Зато сцены с Душкой не вполне поддаются однозначному и поверхностному прочтению. Как бы ни интерпретировал классик свой собственный фильм, речь в нем, конечно, идет о каких-то очень странных и сложных движениях человеческой души. Маковецкому удалось создать в этой роли образ одновременно и очень противного, и очень трогательного существа, с ним жить невыносимого, но и забыть его не возможно. Душка -- такой преданный, открытый, простодушный, но и невероятно нелепый, придурковатый, неловкий, торчит, как прыщ на подбородке, и ничего с ним не поделать, но когда он исчезает, Боб понимает, что пустоту эту ничем не заполнить. И то, что Душка был провокатором, вызывающим у него чувства, о существовании которых он мог бы и не узнать никогда.
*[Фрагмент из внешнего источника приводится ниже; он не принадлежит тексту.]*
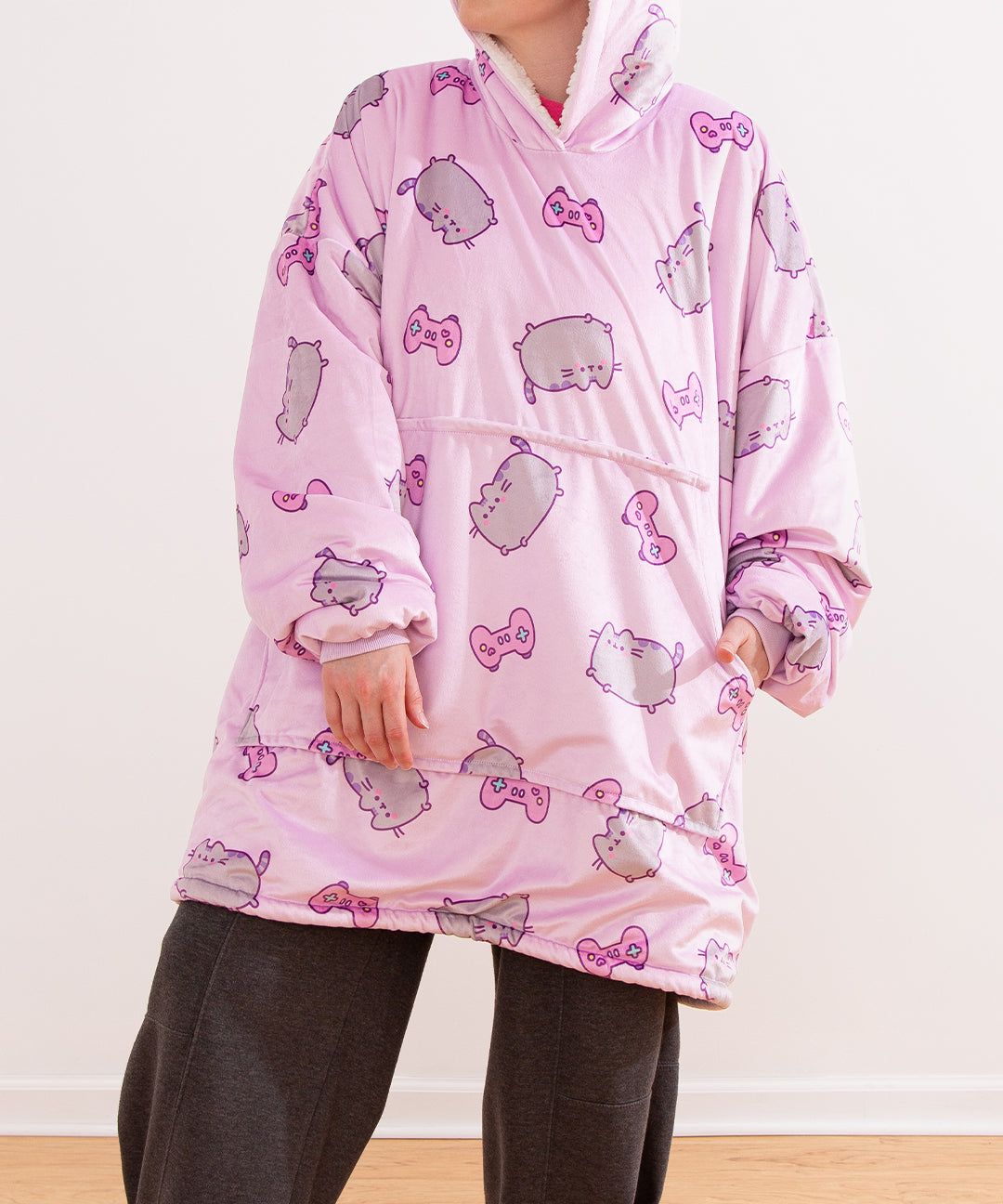 Gamer Pusheen Wearable Blanket Hoodie - Image 6
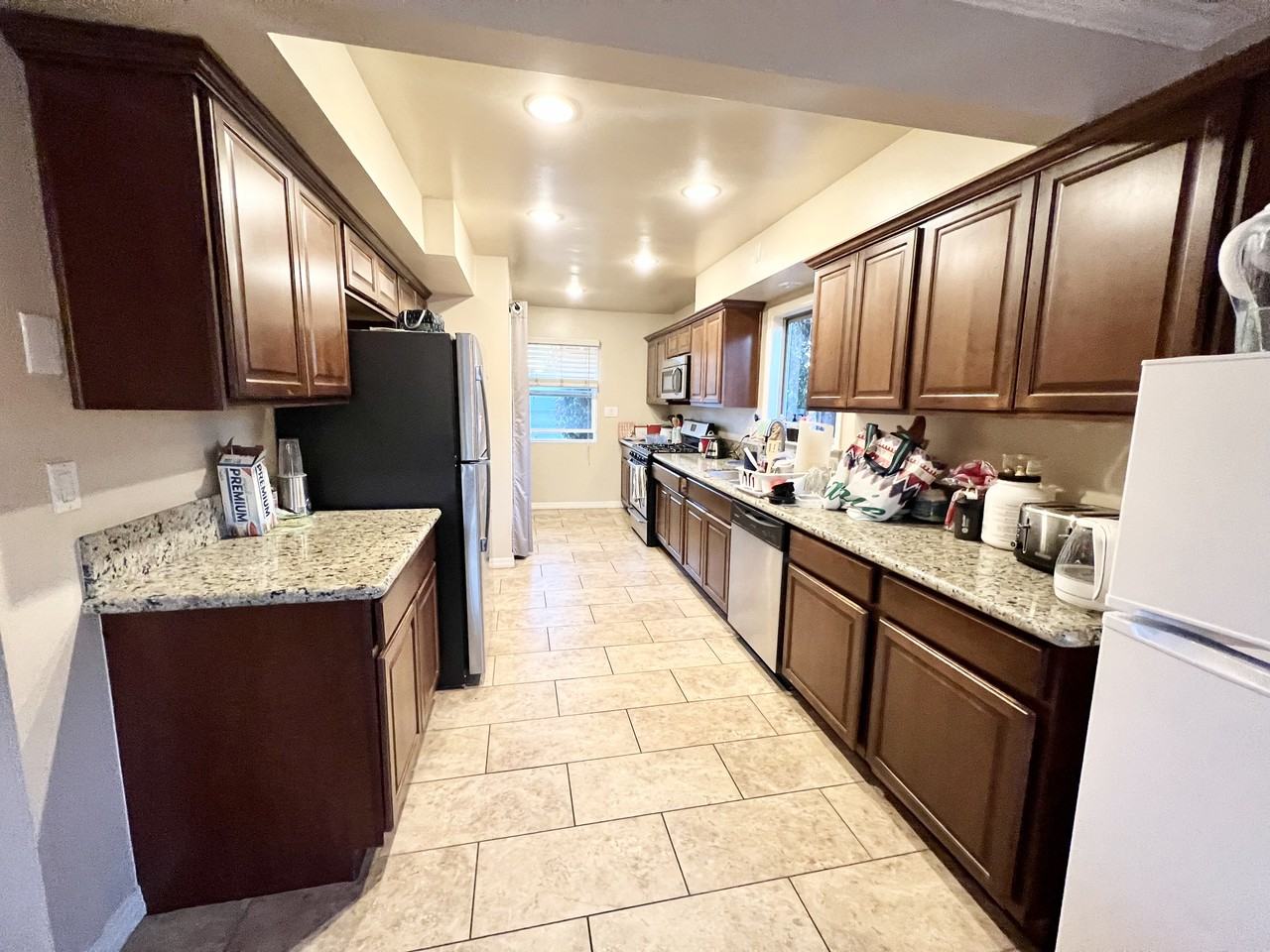 4775 54Th St - Photo 2 of 14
И Боб отправляется за Душкой, наглядно воплощая русскую пословицу, которую Стеллинг явно не знает: «Есть старики -- убил бы, нет стариков -- купил бы». Увы, там, в той стране, куда отправляется Боб, нет ни Душки, ни его самого, есть лишь автобус, везущий туда, откуда мы все пришли на свет. И нельзя словами определить то, что ищет Боб, и то, что дает ему Душка, хотя, конечно, можно все свалить на европейскую тоску по общинности, соборности и эмоциональной открытости, которых их души алчут, но тела не переносят... Однако в замечательном дуэте Бервутца и Маковецкого есть и много другого, и оно содержится во множестве точных деталей, маленьких нюансов, от которых современное, а особенно русское кино давно отвыкло. Это и насыщенность смыслами всей кинематографической фактуры, где каждый предмет знает свою роль, и умение не только жестом, но и неуловимым движением мышц лица передать не считываемое на уровне сознания состояние души, эмоцию, переменчивую, как рябь на воде, в общем, все то, что является результатом несуетных усилий серьезного художника, имеющего смелость снимать именно те истории, которые кажутся важными ему самому.